Snake-lines of Software Production & DevOps

DevOps paradigm is all the rage these days. And I think it is a necessity rather than just a hype. Speed and Scale are two primary factors demanding a paradigm shift such as DevOps. Speed refers to the rate at which software can be delivered to address production customer needs. Whether it is a new product, new feature, or simply bug fix roll out, if you are slow then sooner or later you will lose business. Speed and agility is a necessity in the mobile-cloud era where pace of change has been tremendously accelerated. Scale refers to the need to address drastic demand jump experienced by current applications. The current mobile-cloud apps, for eg, need 24x7 global availability, can be accessed by exponentially more mobile devices and are also heavily used by machine-machines interactions.

So we need to move fast and scale while maintaining acceptable levels of quality, security, compliance... i.e "necessary controls". And you are looking at something like "DevOps" paradigm to address the above demands. But question is how would you measure whether DevOps or any other effort is helping or hurting you? To answer this question I have created a simple model to plot efforts of speed vs quality/control elements (see chart below). I am calling these "Snake-lines of Software Production (TM)"
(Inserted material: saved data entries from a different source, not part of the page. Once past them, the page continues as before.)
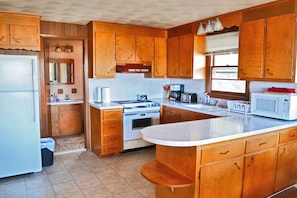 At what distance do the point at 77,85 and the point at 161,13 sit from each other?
3.09 meters

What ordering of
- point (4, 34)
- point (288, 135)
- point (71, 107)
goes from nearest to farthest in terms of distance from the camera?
point (288, 135) < point (4, 34) < point (71, 107)

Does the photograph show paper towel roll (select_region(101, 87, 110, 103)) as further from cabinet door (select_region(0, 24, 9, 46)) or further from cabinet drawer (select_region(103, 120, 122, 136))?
cabinet door (select_region(0, 24, 9, 46))

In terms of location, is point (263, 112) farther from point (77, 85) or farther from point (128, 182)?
point (77, 85)

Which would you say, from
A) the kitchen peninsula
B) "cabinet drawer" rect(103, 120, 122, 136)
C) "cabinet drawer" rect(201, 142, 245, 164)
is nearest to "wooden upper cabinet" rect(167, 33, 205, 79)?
"cabinet drawer" rect(103, 120, 122, 136)

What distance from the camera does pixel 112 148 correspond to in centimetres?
432

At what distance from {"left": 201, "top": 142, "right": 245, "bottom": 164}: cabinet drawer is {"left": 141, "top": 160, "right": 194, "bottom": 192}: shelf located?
0.25 m

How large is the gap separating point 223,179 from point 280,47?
1.80 metres

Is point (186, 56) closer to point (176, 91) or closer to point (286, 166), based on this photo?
point (176, 91)

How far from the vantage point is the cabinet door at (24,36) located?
364 cm

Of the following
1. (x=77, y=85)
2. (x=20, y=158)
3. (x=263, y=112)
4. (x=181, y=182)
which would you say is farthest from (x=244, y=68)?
(x=77, y=85)

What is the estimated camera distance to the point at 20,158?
3.47 m

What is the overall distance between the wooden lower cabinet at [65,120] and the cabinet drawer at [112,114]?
66.6 inches

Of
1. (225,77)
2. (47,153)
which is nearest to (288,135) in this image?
(225,77)

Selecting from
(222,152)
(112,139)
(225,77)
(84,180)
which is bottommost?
(84,180)
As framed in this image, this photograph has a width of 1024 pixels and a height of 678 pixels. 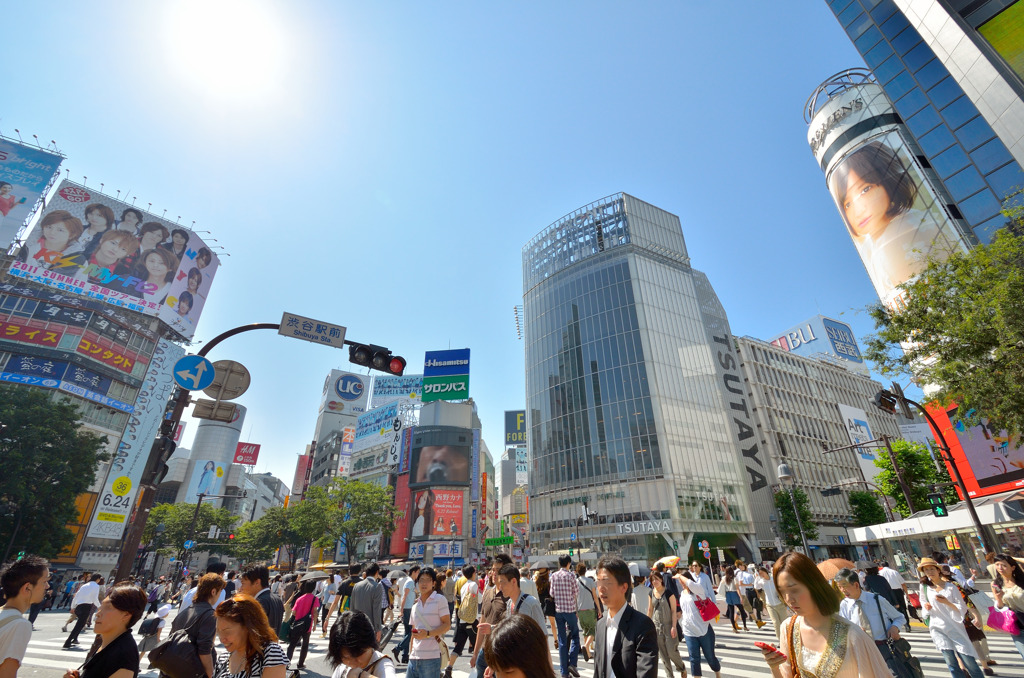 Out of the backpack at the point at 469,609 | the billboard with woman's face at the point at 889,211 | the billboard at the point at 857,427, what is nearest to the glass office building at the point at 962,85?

So what is Snake-lines of Software Production? In the chart below, Y-axis defines your daily rate of software change as experienced by your production customers. This can be measured by "number of code-changes that are being rolled out daily and being adopted/experience by customers". So if you made 1000 changes in your software in a day but only 10% customers experienced it, then your daily rate of change is in "100s".
On the X-axis, I define the production incidences. Following same logic as above if there were 100 outages in 500days, impacting 1000 customers then  100/500 * 1000 = 200 incidences per day.
You don't need to be dogmatic about these numbers. Your engineering can give you the Y-axis and your Global Support can give you the X numbers.
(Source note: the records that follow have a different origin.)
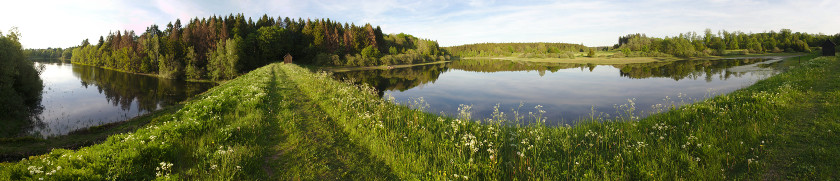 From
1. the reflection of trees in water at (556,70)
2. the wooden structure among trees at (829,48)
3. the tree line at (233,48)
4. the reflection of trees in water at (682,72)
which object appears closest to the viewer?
the reflection of trees in water at (682,72)

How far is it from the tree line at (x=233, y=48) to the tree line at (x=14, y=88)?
23.6 m

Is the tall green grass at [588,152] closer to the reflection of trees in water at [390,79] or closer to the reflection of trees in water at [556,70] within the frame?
the reflection of trees in water at [390,79]

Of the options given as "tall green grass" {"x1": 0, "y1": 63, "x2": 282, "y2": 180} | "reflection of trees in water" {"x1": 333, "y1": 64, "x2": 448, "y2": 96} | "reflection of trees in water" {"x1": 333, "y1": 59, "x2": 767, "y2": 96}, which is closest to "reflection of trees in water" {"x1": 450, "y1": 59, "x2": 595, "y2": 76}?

In this chart, a Snake-line is a plot of your software "condition" over a period of time. For eg: in the Red Snake-line, below, the software started at the bottom right corner, with low daily incidences and low rate of change. As the adoption picked up and as the rate of change increased, you see the red line drifting towards "worsening quality" and at the same time slowing the "ability to release the changes". I call this a "Negative Snake-line"
In contrast the Green Snake-line, shows that software has maintained pretty fast pace in terms of rolling out changes. But at the same time has also maintained quality and control of the incidence rates. This is a positive Snake-line.




Over period of time you want your software efforts to evolve and establish a "positive" Snake-line. I believe this is a simple quantifiable approach to define whether your DevOps, or micro-services re-architecture or public cloud adoption ... etc is steering your software production in a positive direction.